EXERCISE DESCRIPTION:
Lines to restate from the data below: from the one containing "a bedroom with" to the one containing "Fresh ginger root", both included. Give them again exactly, and only them.

GIVEN DATA Start Marker

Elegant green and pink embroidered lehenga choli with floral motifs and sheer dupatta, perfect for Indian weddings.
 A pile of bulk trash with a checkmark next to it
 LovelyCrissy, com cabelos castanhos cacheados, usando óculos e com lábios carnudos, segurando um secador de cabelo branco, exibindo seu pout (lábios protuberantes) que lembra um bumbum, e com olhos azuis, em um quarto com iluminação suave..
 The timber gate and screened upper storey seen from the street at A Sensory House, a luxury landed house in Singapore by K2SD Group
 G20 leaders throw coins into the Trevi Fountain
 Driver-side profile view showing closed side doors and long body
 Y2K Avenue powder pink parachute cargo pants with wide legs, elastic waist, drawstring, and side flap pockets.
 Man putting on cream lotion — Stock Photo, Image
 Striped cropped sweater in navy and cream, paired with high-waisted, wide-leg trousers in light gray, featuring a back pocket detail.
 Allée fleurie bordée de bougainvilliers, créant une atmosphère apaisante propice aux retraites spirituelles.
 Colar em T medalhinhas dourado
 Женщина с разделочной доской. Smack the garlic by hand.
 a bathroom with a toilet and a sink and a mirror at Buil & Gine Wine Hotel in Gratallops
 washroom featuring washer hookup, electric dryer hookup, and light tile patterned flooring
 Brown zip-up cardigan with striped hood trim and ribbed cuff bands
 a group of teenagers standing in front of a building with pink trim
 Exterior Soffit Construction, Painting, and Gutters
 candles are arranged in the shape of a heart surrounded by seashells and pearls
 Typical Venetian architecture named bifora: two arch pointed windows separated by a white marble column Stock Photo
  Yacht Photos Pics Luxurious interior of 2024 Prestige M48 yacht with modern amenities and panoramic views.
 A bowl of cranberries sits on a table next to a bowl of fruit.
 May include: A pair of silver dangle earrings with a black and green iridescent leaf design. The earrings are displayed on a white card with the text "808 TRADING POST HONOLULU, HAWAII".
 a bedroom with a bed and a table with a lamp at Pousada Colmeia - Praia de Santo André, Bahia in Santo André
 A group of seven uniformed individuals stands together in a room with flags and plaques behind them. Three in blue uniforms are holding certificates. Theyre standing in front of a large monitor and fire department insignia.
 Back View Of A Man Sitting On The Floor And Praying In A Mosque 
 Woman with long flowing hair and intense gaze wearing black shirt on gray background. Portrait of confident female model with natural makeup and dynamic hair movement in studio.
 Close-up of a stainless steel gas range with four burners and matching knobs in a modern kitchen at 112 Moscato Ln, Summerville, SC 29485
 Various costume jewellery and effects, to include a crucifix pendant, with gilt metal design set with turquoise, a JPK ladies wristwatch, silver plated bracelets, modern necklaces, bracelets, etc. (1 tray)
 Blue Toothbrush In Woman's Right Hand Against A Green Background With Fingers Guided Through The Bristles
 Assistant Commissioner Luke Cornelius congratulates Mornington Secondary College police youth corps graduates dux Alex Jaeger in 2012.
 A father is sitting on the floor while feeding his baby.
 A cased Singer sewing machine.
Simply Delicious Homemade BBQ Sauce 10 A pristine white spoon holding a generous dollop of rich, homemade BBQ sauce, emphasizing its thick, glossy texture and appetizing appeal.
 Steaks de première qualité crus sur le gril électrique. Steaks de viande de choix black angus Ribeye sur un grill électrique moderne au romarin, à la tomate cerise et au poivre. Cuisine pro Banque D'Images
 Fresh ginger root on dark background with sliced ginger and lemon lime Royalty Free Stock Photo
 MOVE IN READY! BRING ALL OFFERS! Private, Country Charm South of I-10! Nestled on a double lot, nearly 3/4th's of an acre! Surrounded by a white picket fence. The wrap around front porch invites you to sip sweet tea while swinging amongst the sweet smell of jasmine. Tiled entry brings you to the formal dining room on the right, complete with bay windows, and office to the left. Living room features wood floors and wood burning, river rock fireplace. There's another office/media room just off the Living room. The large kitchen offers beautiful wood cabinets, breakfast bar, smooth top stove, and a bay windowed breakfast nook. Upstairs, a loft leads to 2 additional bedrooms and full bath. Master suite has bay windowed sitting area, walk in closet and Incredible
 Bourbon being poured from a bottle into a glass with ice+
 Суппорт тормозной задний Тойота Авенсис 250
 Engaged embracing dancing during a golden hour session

GIVEN DATA End Marker

WORKED SOLUTION:
 a bedroom with a bed and a table with a lamp at Pousada Colmeia - Praia de Santo André, Bahia in Santo André
 A group of seven uniformed individuals stands together in a room with flags and plaques behind them. Three in blue uniforms are holding certificates. Theyre standing in front of a large monitor and fire department insignia.
 Back View Of A Man Sitting On The Floor And Praying In A Mosque 
 Woman with long flowing hair and intense gaze wearing black shirt on gray background. Portrait of confident female model with natural makeup and dynamic hair movement in studio.
 Close-up of a stainless steel gas range with four burners and matching knobs in a modern kitchen at 112 Moscato Ln, Summerville, SC 29485
 Various costume jewellery and effects, to include a crucifix pendant, with gilt metal design set with turquoise, a JPK ladies wristwatch, silver plated bracelets, modern necklaces, bracelets, etc. (1 tray)
 Blue Toothbrush In Woman's Right Hand Against A Green Background With Fingers Guided Through The Bristles
 Assistant Commissioner Luke Cornelius congratulates Mornington Secondary College police youth corps graduates dux Alex Jaeger in 2012.
 A father is sitting on the floor while feeding his baby.
 A cased Singer sewing machine.
Simply Delicious Homemade BBQ Sauce 10 A pristine white spoon holding a generous dollop of rich, homemade BBQ sauce, emphasizing its thick, glossy texture and appetizing appeal.
 Steaks de première qualité crus sur le gril électrique. Steaks de viande de choix black angus Ribeye sur un grill électrique moderne au romarin, à la tomate cerise et au poivre. Cuisine pro Banque D'Images
 Fresh ginger root on dark background with sliced ginger and lemon lime Royalty Free Stock Photo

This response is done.